Election Shows Potential For Politics Beyond Ethnicity

Fuente: 
Tolo News
Fecha de publicación: 
29 Abr 2014

 

With unexpectedly high turnout nationwide on April 5, many inside and outside Afghanistan were quick to highlight participation as the major success story of the 2014 elections. But a positive note from this year's process that has received less praise has been the relatively small role ethnicity seems to have played for candidates during their campaigns as well as voters on Election Day.

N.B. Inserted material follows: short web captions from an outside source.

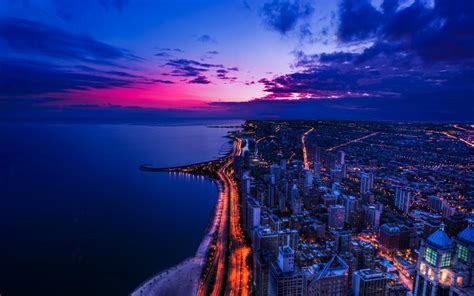 cityscape, Night, Sea, Chicago Wallpapers HD / Desktop and ...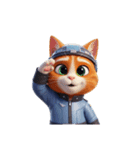 【敬礼猫】（個別スタンプ：5）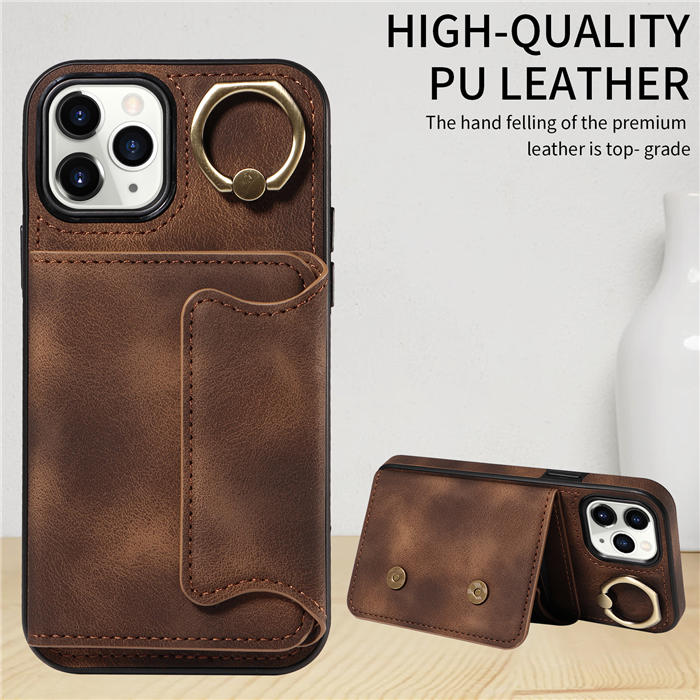 For iPhone 11 Pro Card Holder Ring Kickstand Magnetic Closure Case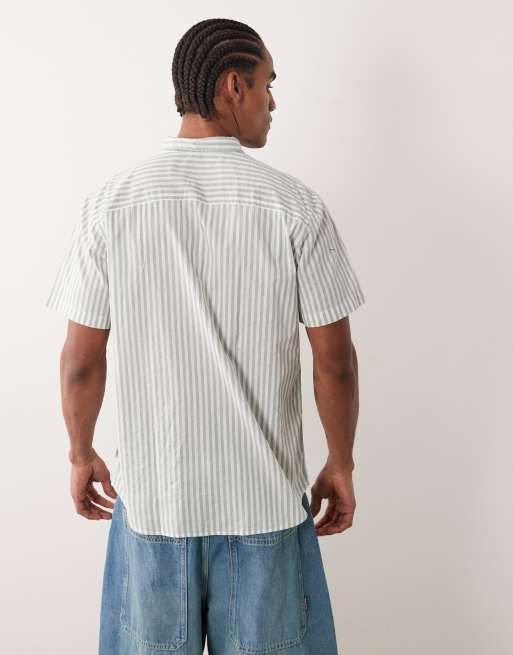 JJ Rebel - Camicia a maniche corte verde a righe, 5 di 5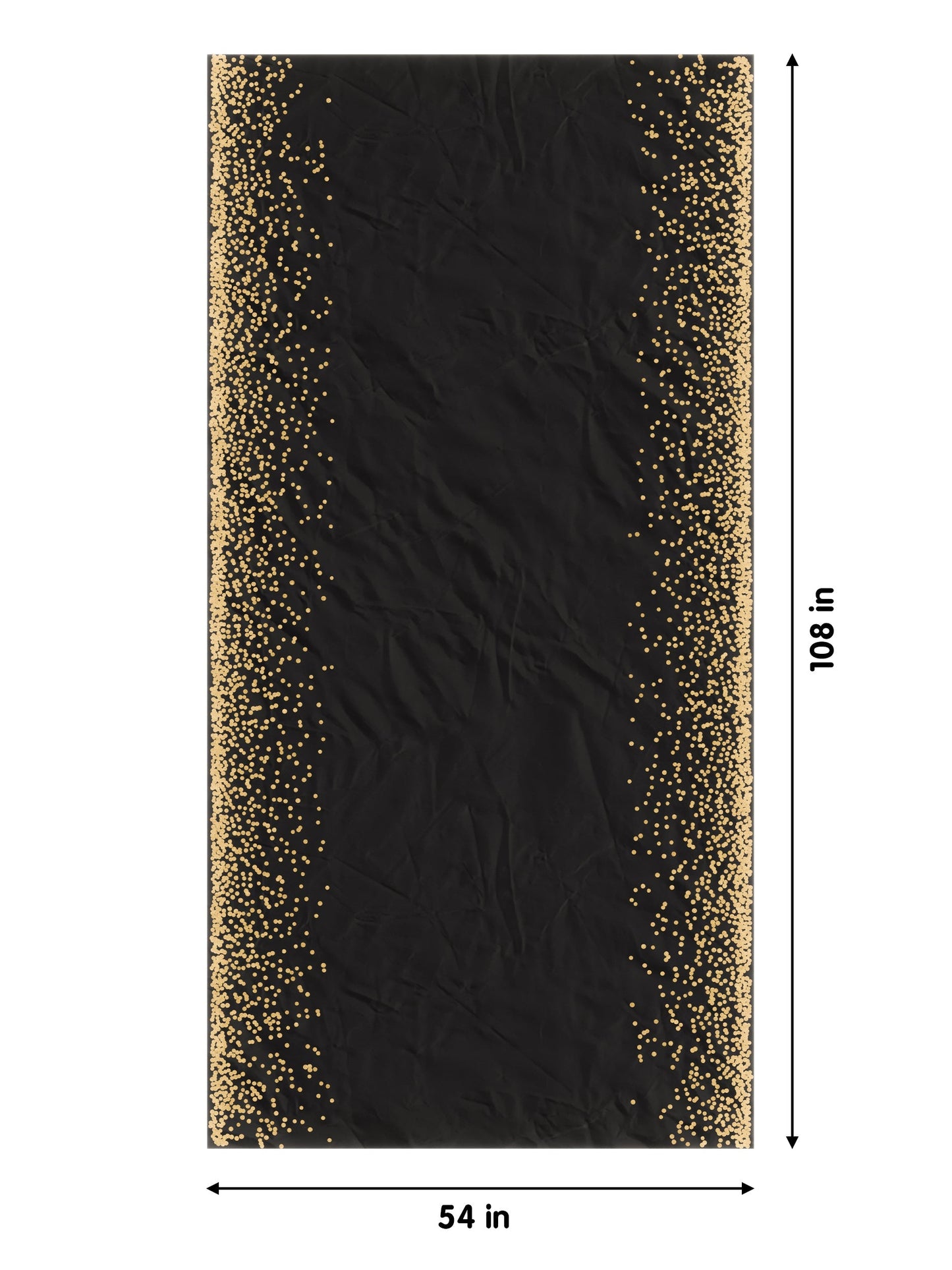 Celebrate Printed Plastic Table Cover 54" x 108" Black/Gold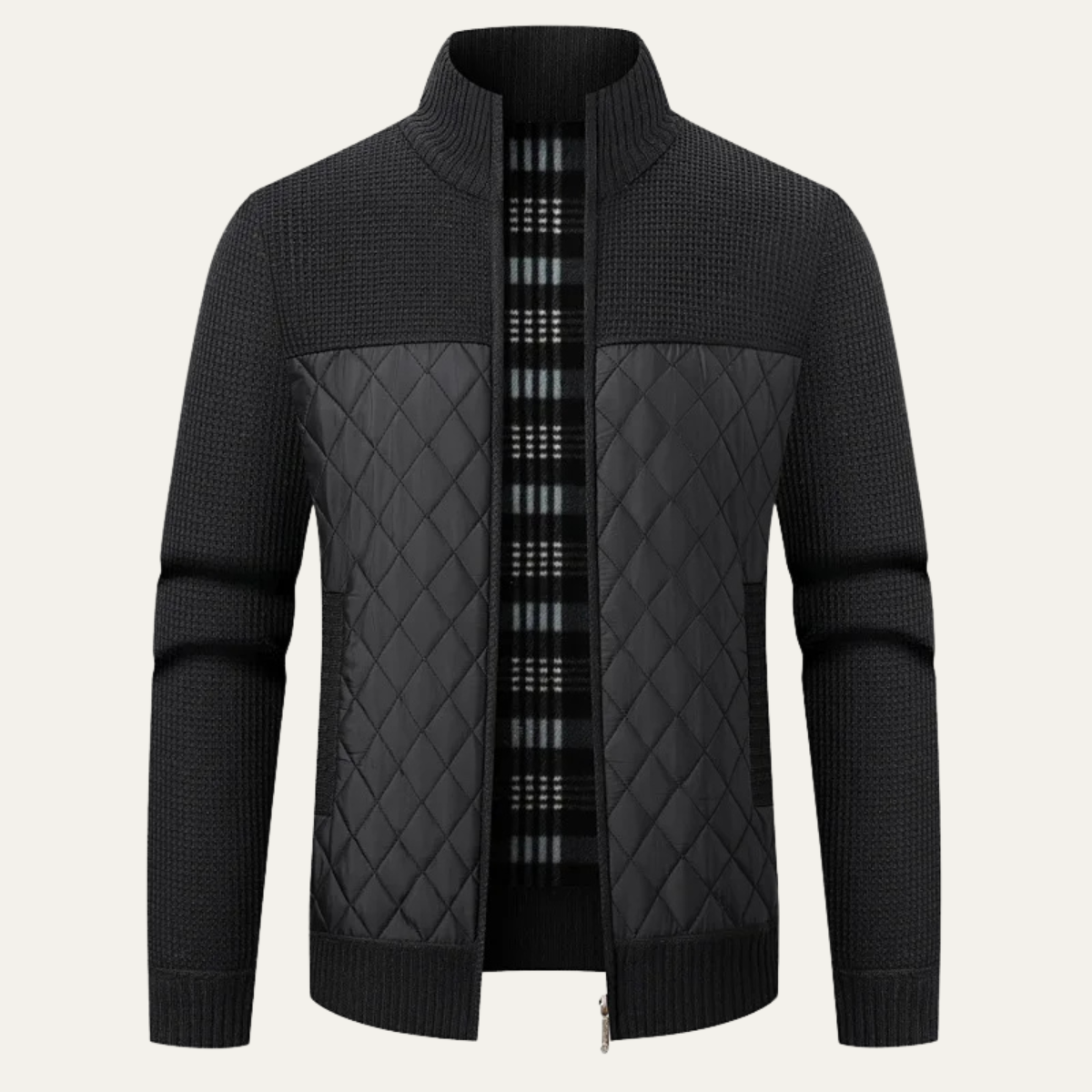 Kade | Men's Quilted Puffer Cardigan Black Knit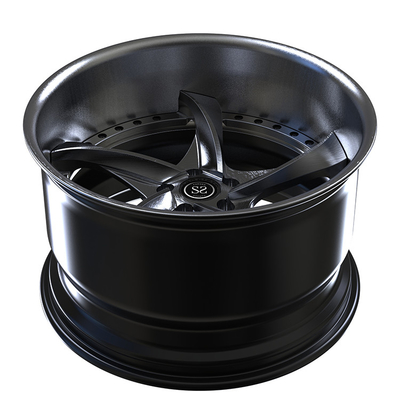Đánh bóng môi và đĩa đen tùy chỉnh 2 mảnh bánh xe rèn so le 19 21 inch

Afghan politics are often seen as ethnically-charged, especially with with the tumultuous history of conflict between the country's numerous and diverse ethnic groups in mind. But with the many political, economic and social changes that have taken place over the past decade since the fall of the Taliban regime, there have been many signs that prejudice and factionalism in Afghanistan has begun to slowly but surely give way to a growing national identity.

According to Nadir Naderi, the head of the Free and Fair Election Foundation of Afghanistan (FEFA), one of the country's largest election monitoring groups, a survey that was organized just before the elections indicated most voters did not plan to vote based on ethnic allegiances. 
 
“The survey we conducted before the elections was persuasive, because the majority of the voters weren’t intending to vote on the basis of ethnicity,” Mohseni said on Tuesday.
 
The Independent Election Commission's (IEC) top official, Ahmad Yusuf Nuristani, echoed that sentiment and pointed to specific examples of how candidates in this year's presidential race received support from constituencies from around the country, and not just ones tied to them by ethnicity or locality. 
 
“Candidates received voted from various regions of the country," Nuristani told TOLOnews on Tuesday. "For instance, Abdullah Abdullah did not receive all of his votes from Tajik dominated areas or Ashraf Ghani Ahmadzai from Pashtun dominated areas - the votes are totally mixed and national."

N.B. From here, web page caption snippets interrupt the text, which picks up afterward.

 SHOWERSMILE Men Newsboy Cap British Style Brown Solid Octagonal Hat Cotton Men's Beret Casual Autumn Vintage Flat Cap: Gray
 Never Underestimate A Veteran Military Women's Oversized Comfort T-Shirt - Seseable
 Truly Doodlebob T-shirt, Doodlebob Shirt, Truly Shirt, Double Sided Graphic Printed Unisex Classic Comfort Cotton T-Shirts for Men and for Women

The IEC's website shows province-by-province breakdown of the election results, illustrating just how inter-mixed and perhaps counterintuitive support for the top two candidates was. 
 
“We learnt the lesson of national unity and democracy from the elections,” one Kabul resident named Wida told TOLOnews. “We saw in the elections that the youth votes on the programs of candidates, not their ethnicity."

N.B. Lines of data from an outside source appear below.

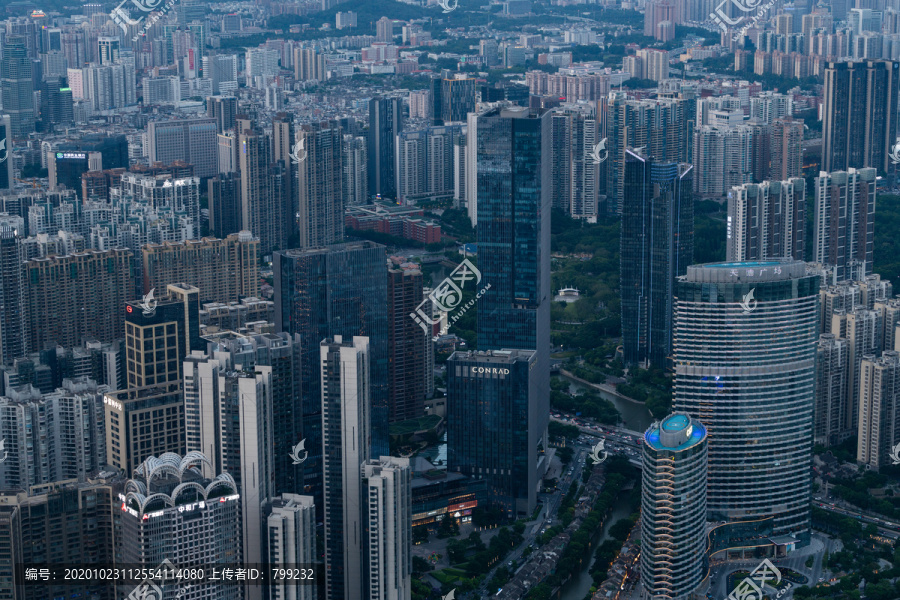 俯瞰广州城市全景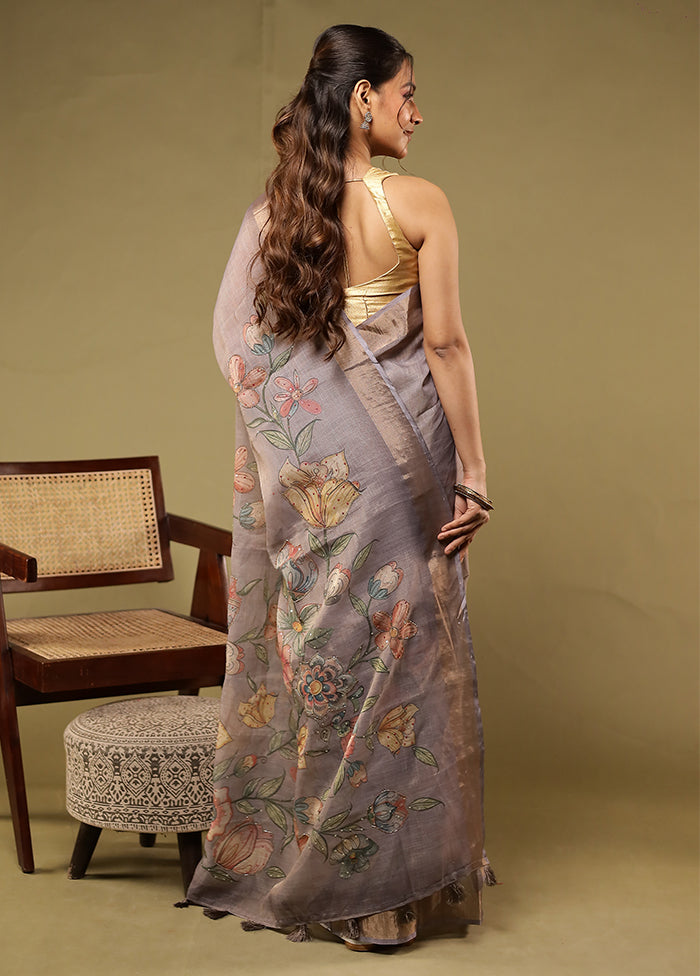 Purple Linen Silk Saree With Blouse Piece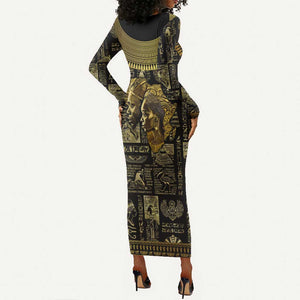 Egypt Pharaoh Long Sleeve Bodycon Dress Egyptian Hieroglyphs and Symbols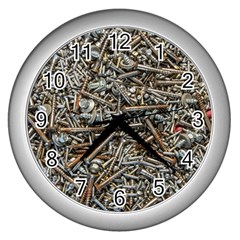 Screws Scrap Metal Rusted Screw Art Wall Clock (silver) by Wegoenart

The vast majority of Afghans are currently under the age of 25, and Afghan youth were expected to play a major role in this year's election process. In the longer term though, the new generation of Afghans raised in the post-Taliban era have undoubtedly come of age in a different country from the one of their parents and grandparents. For them, the stage of politics is less local, ethnic and tribal, and more national and international. 
 
“People have started step-by-step embracing democracy and it is a positive message to the next generation,” another Kabul resident named Safiullah said.